= Records =
'''

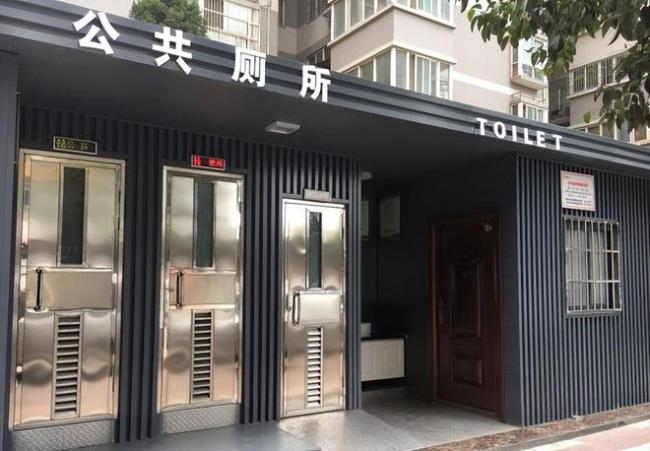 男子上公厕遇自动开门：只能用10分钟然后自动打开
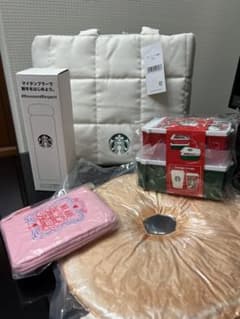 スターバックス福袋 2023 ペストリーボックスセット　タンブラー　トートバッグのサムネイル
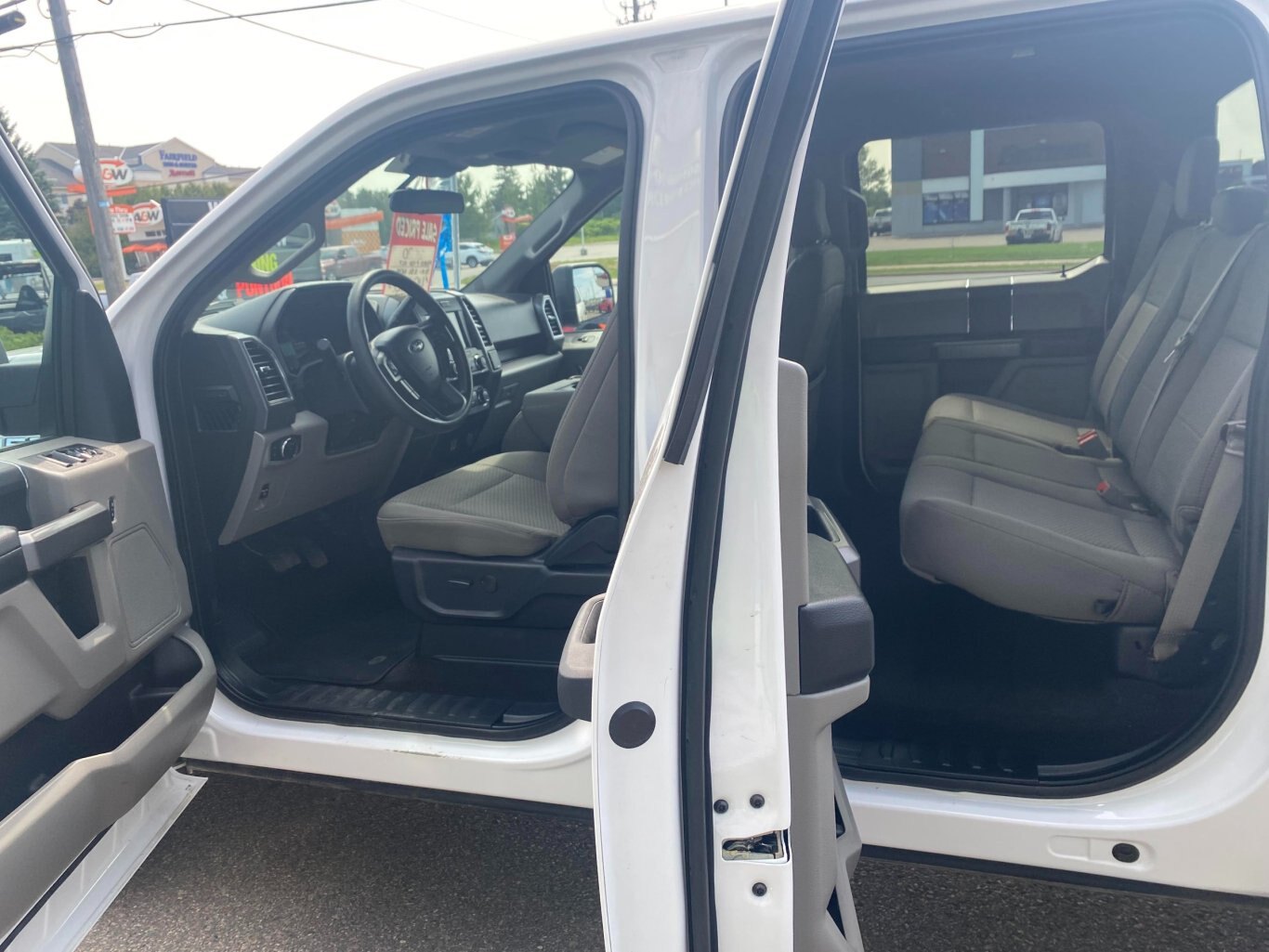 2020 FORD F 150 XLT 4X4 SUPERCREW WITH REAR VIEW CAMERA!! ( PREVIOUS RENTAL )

'''
'''

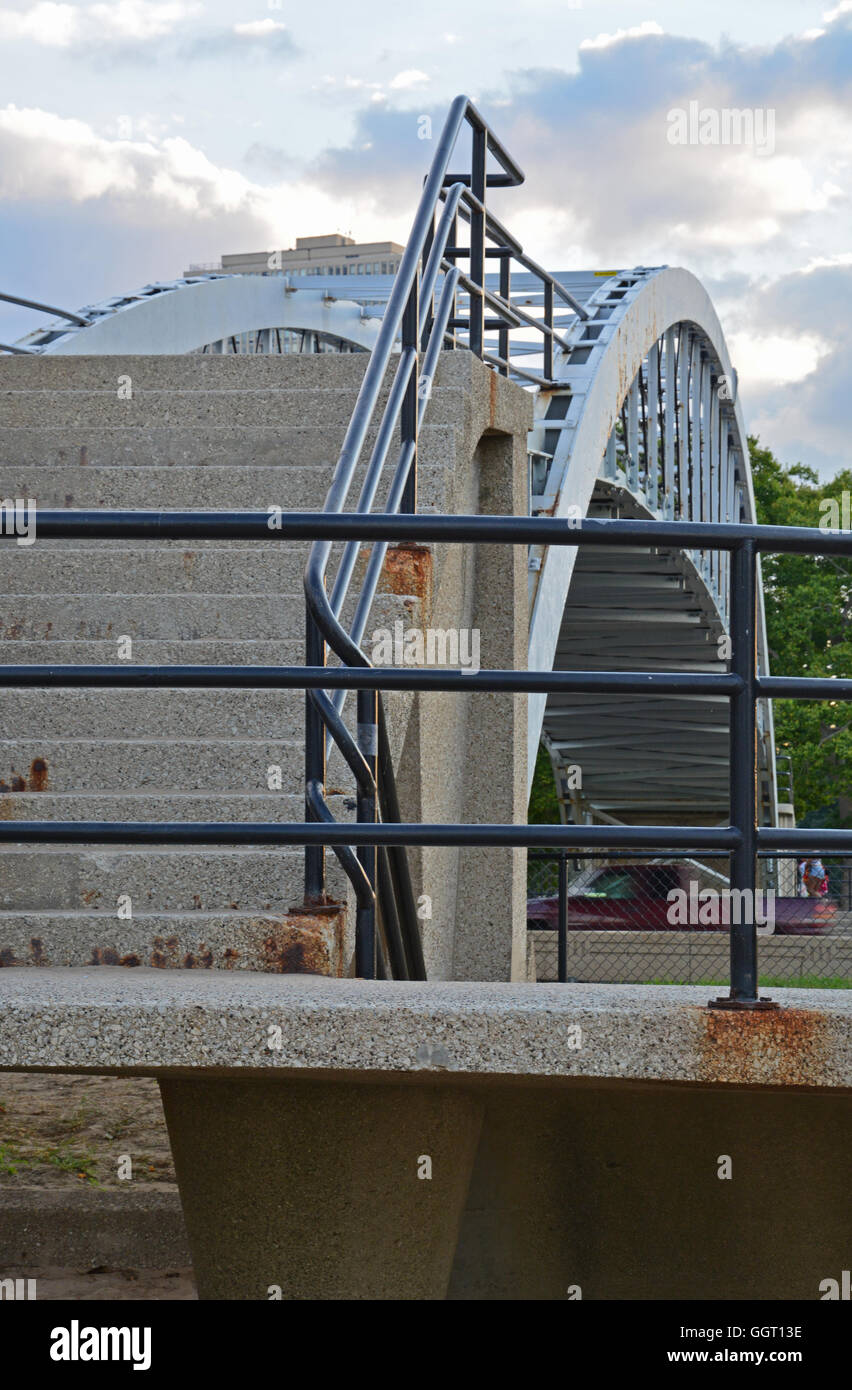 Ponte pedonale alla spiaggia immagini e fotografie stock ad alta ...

'''
'''

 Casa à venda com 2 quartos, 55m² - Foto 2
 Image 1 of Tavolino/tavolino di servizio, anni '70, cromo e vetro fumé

'''

= What you will do =
Your reply is to be an exact repeat of the listing above from the line holding "スターバックス福袋 2023 ペストリーボックスセット　タンブラー　トートバッグのサムネイル" down to the line holding "2020 FORD F", ends included, pictures excluded.

= Written reply =
 スターバックス福袋 2023 ペストリーボックスセット　タンブラー　トートバッグのサムネイル
 2020 FORD F 150 XLT 4X4 SUPERCREW WITH REAR VIEW CAMERA!! ( PREVIOUS RENTAL )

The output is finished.